Attorney General Peter Grech had advised against Malta’s Accountancy Board taking action against Nexia BT and its partners while investigations into them were ongoing, a court heard on Wednesday.

“We were always advised not to take disciplinary action until the judicial process was wrapped up,” board chairman Peter Baldacchino told an inquiry into the murder of journalist Daphne Caruana Galizia.

“The attorney general told us that action by the Accountancy Board could obstruct ongoing proceedings,” he said, adding later that the board was “always” given that legal advice, including by private lawyers engaged by the board.

Baldacchino was asked by the inquiry to present evidence of the written advice to that effect.

Accountancy board secretary Martin Spiteri, who also testified on Wednesday, also told the board that “lawyers from well-known firms” had always advised the board to refrain from taking action against members until legal proceedings were concluded.

Spiteri recalled both Grech, who retired as attorney general this month, and the board’s legal counsel Ivan Sammut, advising caution.

“I had spoken to Grech about possibly amending the law,” Spiteri said. “But he told me ‘better leave the law as it is, because it’s dangerous [hija perikoluza]”.

Nexia BT has been in the headlines since the 2016 Panama Papers data leak exposed its work to open secret offshore structures for former minister Konrad Mizzi and former OPM chief of staff Keith Schembri while the two were in office.

Despite multiple inquiries and allegations concerning the firm, the Accountancy Board took no public action against it until earlier this year, when it reprimanded the company for some administrative shortcomings. It eventually suspended  warrants belonging to Nexia BT partners last week, after partners Brian Tonna, Karl Cini and Manuel Castagna were arrested and interrogated in relation to suspected money laundering offences.

On Wednesday, board chairman Baldacchino faced a barrage of questions about its apparent unwillingness to take action against the firm.

Judges Michael Mallia, Joseph Said Pullicino and Abigail Lofaro all peppered the witness with questions about the board’s hands-off approach.

“It seems you were looking for an excuse to do nothing,” judge Mallia remarked at one point.

“If a civil servant steals €10 he is suspended. So what about an accountant facing such allegations?” asked judge Said Pullicino.

Baldacchino told the inquiry that the board had sought legal advice about its disciplinary options concerning Nexia BT after MEP David Casa had written to it in July 2018 demanding it investigate the firm. 

Answering questions by Caruana Galizia family lawyer Therese Comodini Cachia, he admitted that the board had not looked into the close personal relationship Nexia BT managing partner Tonna had with former OPM chief of staff Schembri.

“We knew others were investigating,” he said, prompting judge Lofaro to exclaim “so why do we have an Accountancy Board?”

Kickback claims

Baldacchino also acknowledged that the board had not delved too deeply into claims that Tonna paid Schembri a €100,000 kickback for passport sales. The two men have insisted the money was repayment of an old loan Schembri had made to Tonna, his accountant, years earlier.

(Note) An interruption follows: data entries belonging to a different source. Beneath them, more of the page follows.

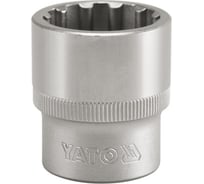 Головка торцевая короткая SPLINE (24 мм; 1/2"; CrV) YATO YT-1476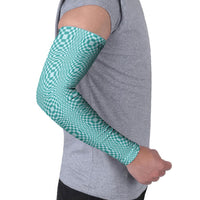 Cyan Filipino Binakol Motifs Arm Sleeves Mabuhay Philippines Festival Kusikus Pattern LT14 - Polynesian Pride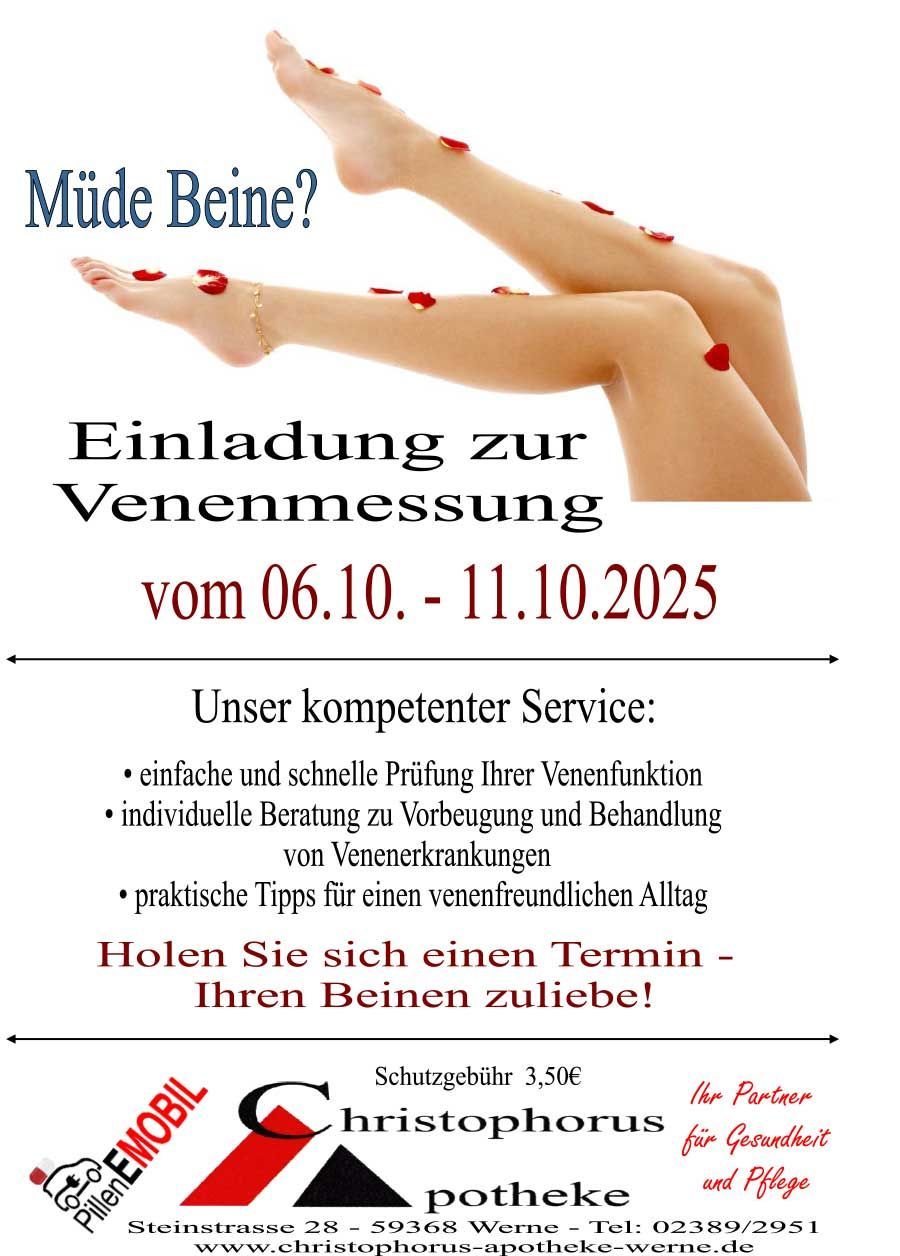 Anzeige für eine Venenmessaktion in der Christophorus Apotheke: Bietet vom 6. bis 11. Oktober 2025 Tests für müde Beine an, Beine mit Rosenblättern im Fokus.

Tonna had presented documents to the board and “insisted it was a loan”, Baldacchino said,  “but we were sceptical about it”.

Despite that scepticism, the board had informed Tonna that it would not take the matter further until a magisterial inquiry into the kickback claims was concluded.

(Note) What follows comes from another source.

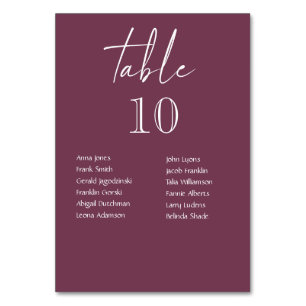 Burgundy Wedding Table Numbers With Guest Names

 “We decided against further action at that time. Such loans are a grey area, there’s a lot of literature about it”.  

‘Trial by media’

As Baldacchino faced questions about the board’s inaction, he sought to defend its course of action.

For the board to act preemptively against one of its members would have been a “trial by media”, he argued.

“We expected more tangible evidence to be supplied to us by other regulators such as the MFSA and FIAU,” he said.

Those two entities, as well as the Commissioner for Inland Revenue, had given the board very little information to work with in cases concerning accountants who wrongfully set up offshore structures for clients, he said.

Nikki Dimech case

Both Baldacchino and Spiteri told the inquiry that legal advice to avoid disciplinary proceedings dated back to the early 2010s, when auditor and former Sliema mayor Nikki Dimech faced bribery charges.

In that case, the board had said it would not issue any disciplinary measures until the appeal process was completed. Dimech was acquitted of the charges on appeal. 

The comparison between Dimech’s case and that of Nexia BT did not wash with the inquiry judges, however, who noted that Nexia BT had not faced any criminal charges.

“You wouldn’t have obstructed any criminal proceedings,” judge Lofaro told Spiteri.

“We were always advised to hold back. I have nothing on my conscience,” the witness replied.

Earlier in the session, police superintendent George Cremona testified that he had written to US officials to ask for the FBI to help in the Caruana Galizia investigation on the very same day she was murdered.

Cremona also told a court that a dark web order, in 2019, to buy a gun and ammunition was addressed to George Fenech in Portomaso. Fenech died in 2014 and one of his sons, Yorgen, stands accused of complicity in Caruana Galizia's murder. 

The inquiry continues on Friday, October 2.